Murg Kabuli Pulao Ingredients: 300g chicken (cut into chunks) 100g boiled kabuli chana (chick peas) 1 large onion, sliced Salt, to taste 300g basmati rice 3 tbsp butter 2 pieces bay leaves 6 pcs black pepper whole Pinch of saffron soaked in 1 tbsp broth 1 small carrot, chopped into sticks 20g dark raisin 20g blanched pistachio whole 20g blanched almond 15g fried onion 5g black cumin whole Method: Place carrot, almond, pistachio, raisin and chicken pieces, onions and hot water in a large pot. Boil it for 10 to 15 minutes. Add salt to taste. Soak the Basmati rice in water for 30 minutes. Remove chicken, reserving stock and discard cooked onions. TIn a deep pan, add butter, black cumin, black pepper, and bay leaf, stir for 30 seconds then add chicken and fried onion. Stir for a minute. Add the dry fruit, carrot, and stock water. Cook all of them till boiling point then add soaked rice with Kabuli chana, cover the lid and let it cook for 15 minutes. Check the consistency, add saffron water and cover the lid. Cook for 15 to 20 minutes. Garnish with coriander leaves. Serve hot. An ideal Iftaar "Every fast must be opened with a khajoor (date)," says Dr Zubeda Tumbi. Apart from that, fresh fruits such as watermelons, papaya, peach, pear should be eaten. Lots of fluids need to be taken, such as lime juice, coconut water, iced tea, milk in the form of fruit milkshakes.

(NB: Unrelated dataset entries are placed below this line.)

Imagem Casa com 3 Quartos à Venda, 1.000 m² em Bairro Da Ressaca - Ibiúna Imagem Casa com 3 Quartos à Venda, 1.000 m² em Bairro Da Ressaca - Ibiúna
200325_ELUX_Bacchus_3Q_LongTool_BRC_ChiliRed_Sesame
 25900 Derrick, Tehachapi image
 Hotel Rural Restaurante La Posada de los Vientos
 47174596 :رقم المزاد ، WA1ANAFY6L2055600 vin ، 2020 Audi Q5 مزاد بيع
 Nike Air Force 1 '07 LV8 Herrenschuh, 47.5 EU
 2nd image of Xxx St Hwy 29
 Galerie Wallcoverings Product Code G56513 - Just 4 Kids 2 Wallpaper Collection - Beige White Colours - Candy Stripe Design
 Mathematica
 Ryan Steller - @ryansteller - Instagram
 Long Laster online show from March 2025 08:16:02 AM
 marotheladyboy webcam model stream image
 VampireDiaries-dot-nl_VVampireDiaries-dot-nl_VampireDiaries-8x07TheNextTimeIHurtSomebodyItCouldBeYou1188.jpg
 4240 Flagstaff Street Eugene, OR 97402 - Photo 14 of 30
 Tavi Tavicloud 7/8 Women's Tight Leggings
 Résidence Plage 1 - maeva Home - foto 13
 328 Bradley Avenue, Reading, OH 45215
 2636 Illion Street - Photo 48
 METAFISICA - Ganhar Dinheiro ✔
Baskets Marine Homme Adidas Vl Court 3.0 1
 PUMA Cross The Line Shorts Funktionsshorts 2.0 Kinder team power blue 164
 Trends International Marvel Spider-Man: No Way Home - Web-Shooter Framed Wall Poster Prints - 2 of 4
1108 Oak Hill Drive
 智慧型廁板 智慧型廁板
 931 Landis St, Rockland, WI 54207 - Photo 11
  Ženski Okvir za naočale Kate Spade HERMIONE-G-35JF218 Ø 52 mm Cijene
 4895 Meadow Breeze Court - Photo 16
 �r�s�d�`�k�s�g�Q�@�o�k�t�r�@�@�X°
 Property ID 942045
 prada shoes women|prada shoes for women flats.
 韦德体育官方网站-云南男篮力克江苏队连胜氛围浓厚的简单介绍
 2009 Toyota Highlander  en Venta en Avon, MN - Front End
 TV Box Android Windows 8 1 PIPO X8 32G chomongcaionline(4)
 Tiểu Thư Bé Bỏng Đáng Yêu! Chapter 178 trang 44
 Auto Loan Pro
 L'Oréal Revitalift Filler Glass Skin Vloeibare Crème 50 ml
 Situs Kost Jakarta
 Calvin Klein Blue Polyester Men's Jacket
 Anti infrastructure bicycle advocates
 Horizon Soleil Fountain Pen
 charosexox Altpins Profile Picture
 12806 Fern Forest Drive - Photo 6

The third course must include something savoury. However, fried foods must be avoided, as they are bad for the liver. Ragda, moong or chana chaat are good options. Mixed sprouts or pineapple chaat is great too.
CommentsSehri should be sustaining, adds Tumbi. "Always include cereals, either roti or bhakri or raagi porridge." Milk, she says, is a must too -- it gives you your dose of calcium and Vitamin A. Nuts and a cup of tea (especially green tea) will make it a highly nutritious meal.